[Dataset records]
===============

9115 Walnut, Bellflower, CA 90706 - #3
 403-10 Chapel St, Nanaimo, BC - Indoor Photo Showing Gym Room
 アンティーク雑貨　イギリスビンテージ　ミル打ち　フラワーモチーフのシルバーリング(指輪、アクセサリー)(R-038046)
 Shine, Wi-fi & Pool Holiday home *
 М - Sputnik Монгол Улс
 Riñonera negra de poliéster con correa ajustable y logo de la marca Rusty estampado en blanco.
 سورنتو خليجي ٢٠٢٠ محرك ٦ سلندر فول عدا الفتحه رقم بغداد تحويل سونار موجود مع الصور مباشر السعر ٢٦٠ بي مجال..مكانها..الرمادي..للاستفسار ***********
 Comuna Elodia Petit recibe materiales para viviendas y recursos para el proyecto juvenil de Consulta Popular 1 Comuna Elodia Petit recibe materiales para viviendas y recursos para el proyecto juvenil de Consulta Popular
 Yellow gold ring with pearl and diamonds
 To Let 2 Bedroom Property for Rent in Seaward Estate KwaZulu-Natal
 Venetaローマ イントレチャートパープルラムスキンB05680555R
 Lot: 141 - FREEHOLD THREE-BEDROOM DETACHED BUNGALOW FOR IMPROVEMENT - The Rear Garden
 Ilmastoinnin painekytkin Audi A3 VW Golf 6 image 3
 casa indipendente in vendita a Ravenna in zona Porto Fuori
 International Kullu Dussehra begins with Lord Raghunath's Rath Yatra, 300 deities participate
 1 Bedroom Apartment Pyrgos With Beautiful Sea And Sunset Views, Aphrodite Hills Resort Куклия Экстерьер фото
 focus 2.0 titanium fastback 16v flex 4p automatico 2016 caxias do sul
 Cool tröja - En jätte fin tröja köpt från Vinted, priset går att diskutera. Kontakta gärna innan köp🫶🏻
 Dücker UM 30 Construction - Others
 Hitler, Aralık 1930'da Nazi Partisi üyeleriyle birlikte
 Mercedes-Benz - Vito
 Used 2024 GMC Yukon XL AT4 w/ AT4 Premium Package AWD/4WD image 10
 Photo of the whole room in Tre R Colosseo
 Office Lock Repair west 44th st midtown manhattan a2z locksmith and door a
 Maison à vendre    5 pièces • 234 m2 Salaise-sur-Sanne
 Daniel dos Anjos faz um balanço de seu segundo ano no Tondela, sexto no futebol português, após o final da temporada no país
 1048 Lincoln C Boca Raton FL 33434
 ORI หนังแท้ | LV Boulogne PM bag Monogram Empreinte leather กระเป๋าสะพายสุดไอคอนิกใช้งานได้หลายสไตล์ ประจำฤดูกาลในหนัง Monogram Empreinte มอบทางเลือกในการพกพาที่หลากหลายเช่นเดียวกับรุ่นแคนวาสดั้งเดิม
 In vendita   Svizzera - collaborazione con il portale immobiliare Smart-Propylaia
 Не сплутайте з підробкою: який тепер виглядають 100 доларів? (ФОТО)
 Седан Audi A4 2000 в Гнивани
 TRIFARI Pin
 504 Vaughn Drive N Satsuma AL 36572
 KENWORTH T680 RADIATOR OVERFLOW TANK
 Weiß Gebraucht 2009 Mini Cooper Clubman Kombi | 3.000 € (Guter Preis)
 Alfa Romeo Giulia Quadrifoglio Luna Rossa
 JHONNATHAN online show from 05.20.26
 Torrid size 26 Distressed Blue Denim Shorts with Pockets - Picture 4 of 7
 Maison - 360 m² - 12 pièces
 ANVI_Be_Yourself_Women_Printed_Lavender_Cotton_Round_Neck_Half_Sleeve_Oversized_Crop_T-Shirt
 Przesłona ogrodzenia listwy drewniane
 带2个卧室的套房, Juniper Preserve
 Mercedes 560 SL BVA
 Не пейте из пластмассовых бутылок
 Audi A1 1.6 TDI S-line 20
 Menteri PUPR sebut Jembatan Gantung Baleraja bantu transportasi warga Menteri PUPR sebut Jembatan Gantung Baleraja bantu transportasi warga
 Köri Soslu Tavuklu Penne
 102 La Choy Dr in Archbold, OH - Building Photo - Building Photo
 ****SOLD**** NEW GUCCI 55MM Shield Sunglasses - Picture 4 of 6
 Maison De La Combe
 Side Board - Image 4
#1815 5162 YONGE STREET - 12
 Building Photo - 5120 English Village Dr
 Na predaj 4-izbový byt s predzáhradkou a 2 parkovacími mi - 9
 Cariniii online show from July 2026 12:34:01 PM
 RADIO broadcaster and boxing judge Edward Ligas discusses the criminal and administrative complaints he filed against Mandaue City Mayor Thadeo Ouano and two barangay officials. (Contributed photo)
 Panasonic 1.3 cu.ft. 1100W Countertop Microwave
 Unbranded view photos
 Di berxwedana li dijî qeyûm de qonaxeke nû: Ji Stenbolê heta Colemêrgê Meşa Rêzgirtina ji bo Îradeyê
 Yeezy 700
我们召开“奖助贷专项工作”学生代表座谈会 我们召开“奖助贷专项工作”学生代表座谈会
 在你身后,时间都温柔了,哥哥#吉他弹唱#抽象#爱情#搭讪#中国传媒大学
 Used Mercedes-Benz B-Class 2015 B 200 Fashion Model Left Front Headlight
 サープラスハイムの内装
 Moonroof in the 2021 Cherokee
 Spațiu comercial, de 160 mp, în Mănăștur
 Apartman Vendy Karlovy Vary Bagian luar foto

===============

• Exercise objective: In the entries above, tally the lines that hold the string "pièces" and give only the count.

• Problem solution: 2